Figure 6: Proposed mode of substrate binding and reaction mechanism for the macrocyclizing amide bond formation by the PatG protease domain.

Figure 6:

The patellamide cassette wraps in the interior of the capping helices, which also serve to deprotonate the amino terminus of the cyanobactin coding cassette generated by the proteolytic action of PatA (highlighted in blue). The PatG catalytic triad accomplished the first half reaction, causing the scission of the conserved carboxy terminus flanking region (highlighted in yellow), and generating the acyl enzyme intermediate. The capping helices maintain the active site in a desolvated state and position the amino terminus in close proximity to the acyl enzyme intermediate, in order to bias the second half reaction towards aminolysis, rather than hydrolysis. Xn denotes the amino acids in the middle of the first (R1) and last (Rn+2) amino acids of the cyanobactin coding cassette.

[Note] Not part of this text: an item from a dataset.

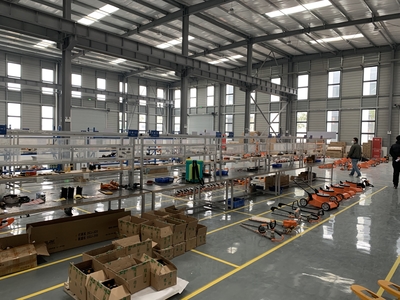 春天宜奋斗！中凯凤凰产业新城按下复工复产“快进键”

The poor catalytic activity of the PatG enzyme (Lee et al., 2009; McIntosh et al., 2010b) precludes determination of the kinetic parameters for the wild type enzyme and the Lys594/Lys598→Ala mutations. The double mutant was constructed and, superficially appears to be very similar to the wild-type enzyme. A closer inspection of the time course of macrocyclization of the substrate peptide- Lys-Lys-Pro-Tyr-Ile-Leu-Pro-Ala-Tyr-Asp-Gly-Glu with the PatG 513–866 wild type enzyme revealed the formation of cyclic product after only 3 hours with the wild type enzyme (Supplementary Figure S2), while no product could be observed with the PatG 513–866 Lys594→Ala/Lys598→Ala double mutant enzyme during this time (Supplementary Figure S2B,C). A longer incubation of up to 48 hours converted nearly all of the substrate to the cyclic product by both enzymes, which leads us to postulate that mutation of Lys594→Ala/Lys598→Ala slows the rate of the reaction but does not alter the overall catalytic mechanism. This analysis is confounded by the non-quantitative nature of MALDI-MS, and a full kinetic analysis needs to be performed to definitively quantitate the contribution of Lys594 and Lys598 residues towards catalysis. However, due to the poor activity of the enzyme, only a semi-quantitative approach could be used to characterize site-specific variants. Extensive trials with various substrates, which are reported here and before (McIntosh et al., 2010b), have not lead to appreciable improvements in the activity of the enzyme. We have tried many different buffers, including those recently reported (Tianero et al., 2012). The relative rate was not greatly improved for the best substrates, leading us to believe that acceleration may be due at least in part to buffer effects on substrates rather than directly on the enzyme.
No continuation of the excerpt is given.